Words have power. Words can do strange things to people, and nowhere is this more evident than those hole-in-the-wall second hand bookstores populated the world over by shuffling old men who peer at you over half-moon glasses.
This bookstore was no exception. Seth stumbled onto it by accident. He’d meant to meet Jenny to share a curry – but somehow he’d wandered down the wrong side alley and instead of finding himself at “Delicious Delhi Delights” was instead looking at, “World of Words”. As he was already two hours late for his dinner, and seeing she’d told him in no uncertain terms that if he ever stood her up again she’d have his guts for garters (and that was one of the tamer phrases he remembered her using) he figured he’d spend some time browsing the books, especially since he was an aspiring novelist himself. Of course in order to call himself a writer he would actually have to write something, but the word fairy seemed to have abandoned him ruthlessly, just as Jenny was sure to do.
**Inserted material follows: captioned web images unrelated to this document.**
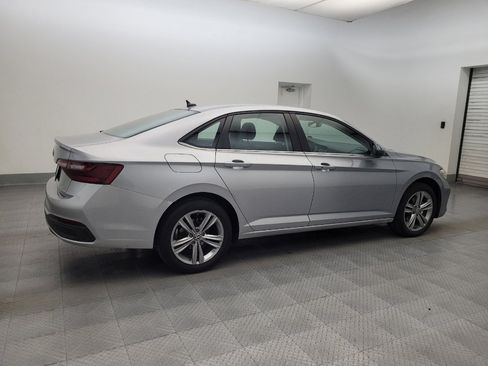 Used 2022 Volkswagen Jetta SE FWD image 10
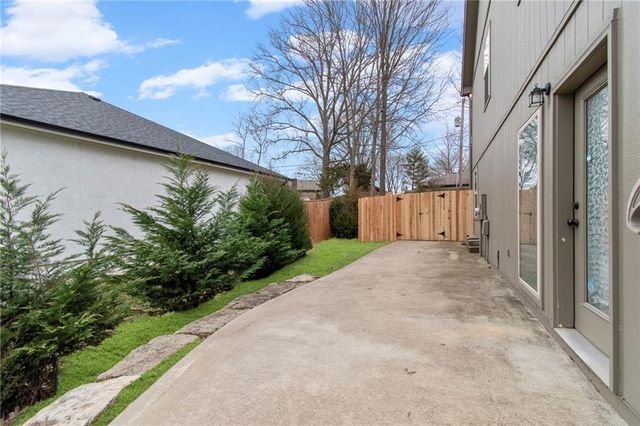 8119 NW Venita Street, Weatherby Lake, MO 64152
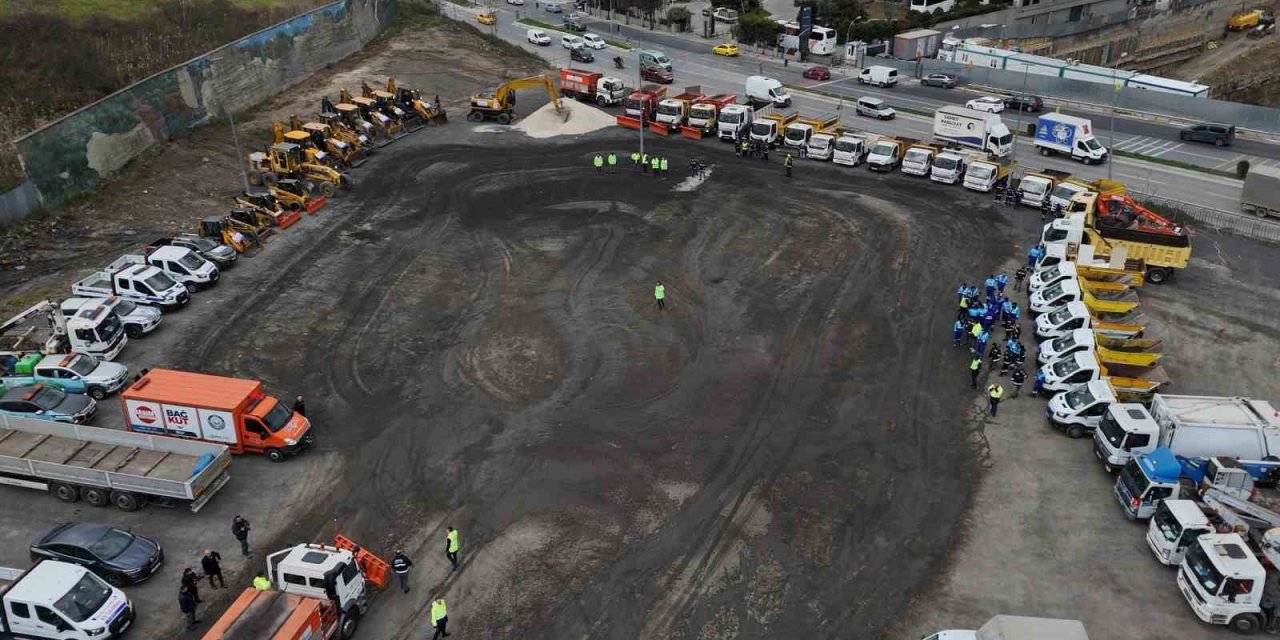 BAĞCILAR BELEDİYESİ KAR HAZIRLIKLARINI TAMAMLADI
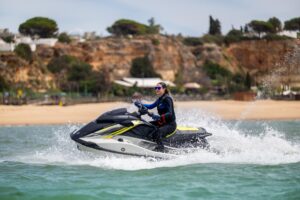 YAMAHA GP HO vodný skúter, svetlosivá so zeleným odtieňom – Obrázok 6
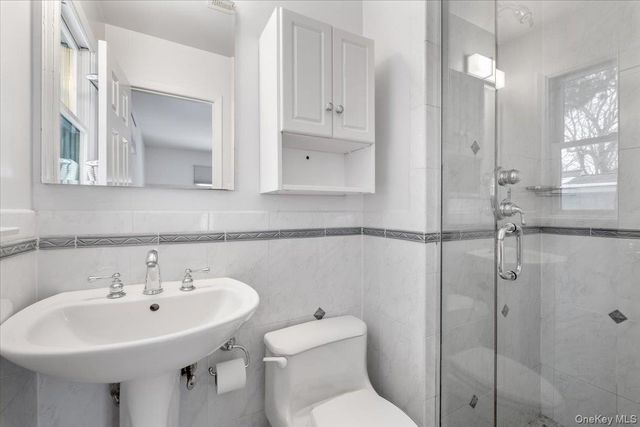 9 Tanglewood Road, Scarsdale, NY 10583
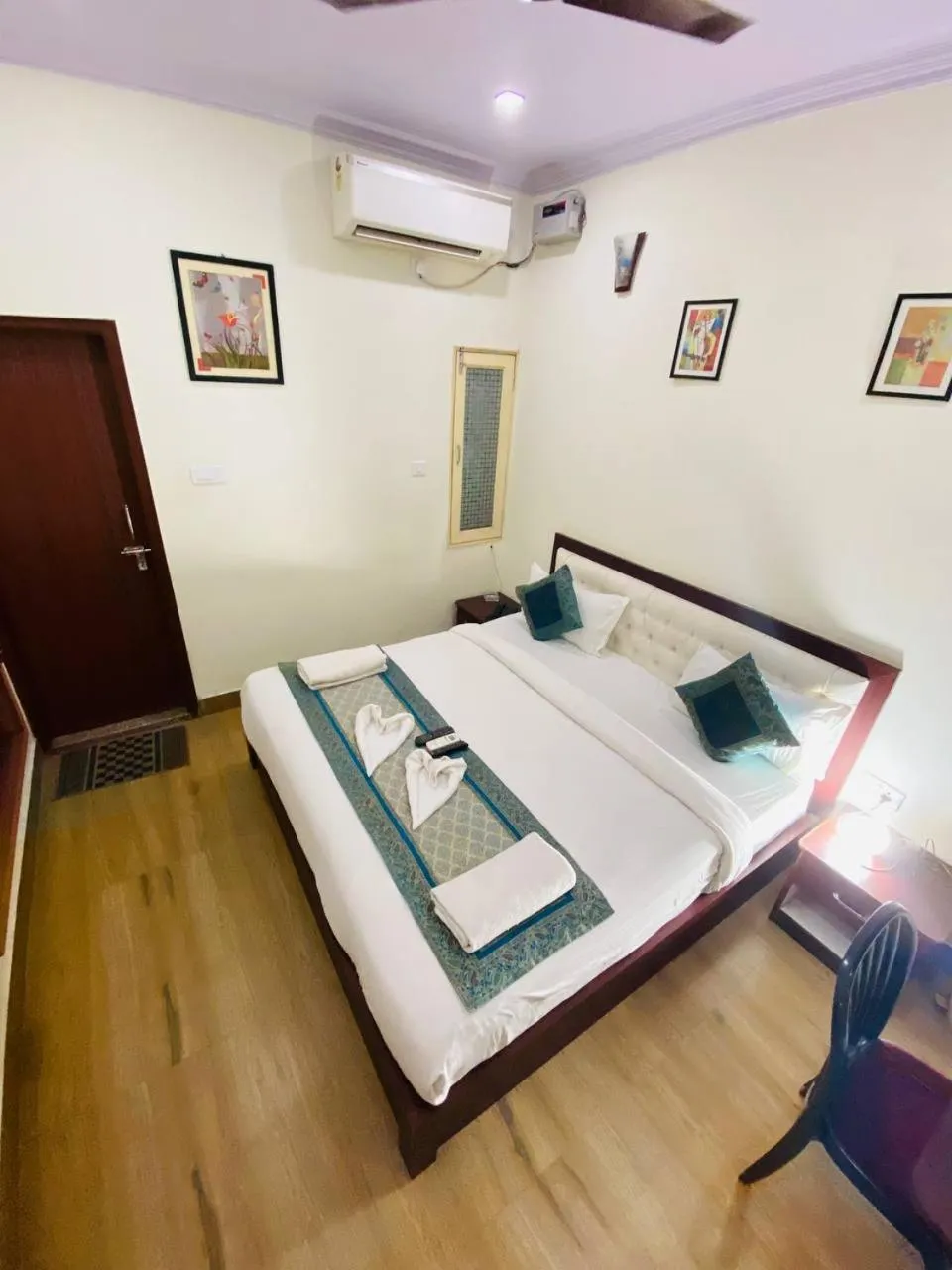 Bed in The Century Plaza Hotel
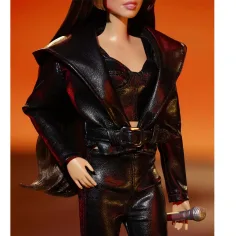 Barbie: Signature колекционерска кукла Miley Cyrus, 32 см - Mattel изображение 5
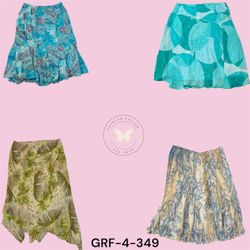 Y2K Printed Poly Mini Skirt – Retro Aesthetic Stre..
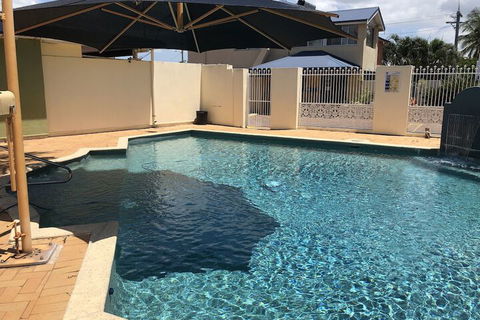 Hervey Bay Motel - New South Wales Tourism  3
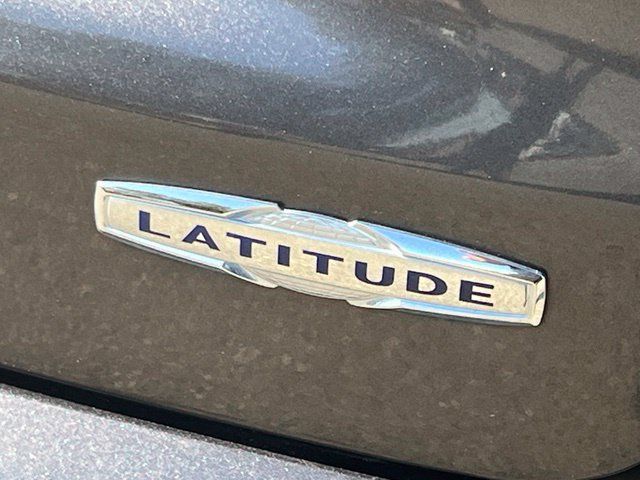 Used 2018 Jeep Compass Latitude w/ Popular Equipment Group FWD image 32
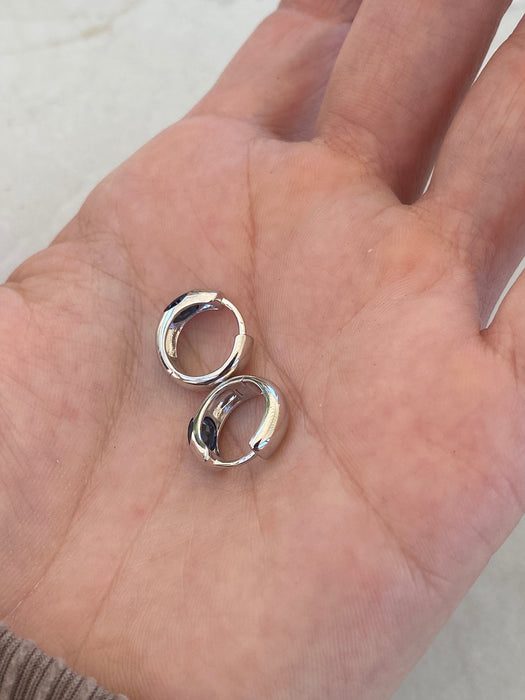 14K White Gold Blue Sapphire Huggie Hoop Earrings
He pushed open the green baize doors into a mustiness that bespoke of old tomes, a too-warm space and tea. Seth stood in the middle of the aisle, feet resting easily on two worn places on the carpet that probably had been original to the building and surveyed the shelves around him. He just knew if he peered around the side of the shelf the shop would look impossibly big in comparison to the space it took up outside. And that is the other thing about secondhand bookstores – space takes on another dimension. The bookshelves tilted so that the tops looked like canopies protecting the aisles from the ceiling, the aisles themselves twisted and turned with no rhyme or reason. The walls seemed to expand outwards, as though making more space for the books.
As Seth reached out to touch a volume, he heard a shuffling behind him. He instinctively knew he’d find an 80-something year old man wearing worn carpet slippers. He rotated around and saw an 80-something year old man wearing worn carpet slippers, and half-moon frames with one lens cracked. Ah, now Seth felt completely at home. He nodded amicably at the elderly owner. “Evenin’” he said, “Just browsing. Is that all right?”
“Certainly sir,” the owner responded. “Let me know if you need anything.”
Without further prompting Seth ventured into the shadows created by the leaning towers of bookcases. At the furthest recess of the store was a winding stairway, but after peering up Seth was disappointed to see that it went nowhere. “Why the staircase?” he called out.
“The staircase, why is it there? It doesn’t go anywhere.”
“Ah, sir, you’d be wrong.” The shuffle of the slippers was the only indication of movement as the owner appeared suddenly alongside Seth and peered shortsightedly up.
“Don’t be silly man, the rungs end at the ceiling.” Seth said a little annoyed now.
The old man hobbled back slightly and tugged at Seth’s shirt-sleeve. “Things aren’t always what they seem. Words can do strange things when they’re altogether in one place. That’s why libraries chain some of the bigger volumes to the shelves.”
Seth pulled away irritably, “That’s ridiculous! Come on man talk sense.” Instinctively he made his way to the front of the shop.
“I know you’re a writer…” Seth stopped in his tracks and turned back. “…and I know climbing those stairs will help you. What have you got to lose? Either I’m an idiot whose spent too much time reading science fiction, or I’m right and climbing those stairs will bring the muse back. What’s it going to be young man?” As he was speaking the old man’s posture changed, as did the timbre of his voice. There was authority there.
Compelled to prove the octogenarian wrong, Seth reluctantly began to climb the first step of the wrought-iron stairs. “OK, let’s see where this goes.” He ascended quickly and as his head bumped the ceiling he disappeared.
The old man rocked back on his heels, pleased with his efforts. Who knew where Seth would land up? That wasn’t his bailiwick. He had been sent to earth to send promising young writers to other worlds, to worlds where words were still in their infancy and required careful tending before they attained the power they had on the earth because, as everyone knows, words have power.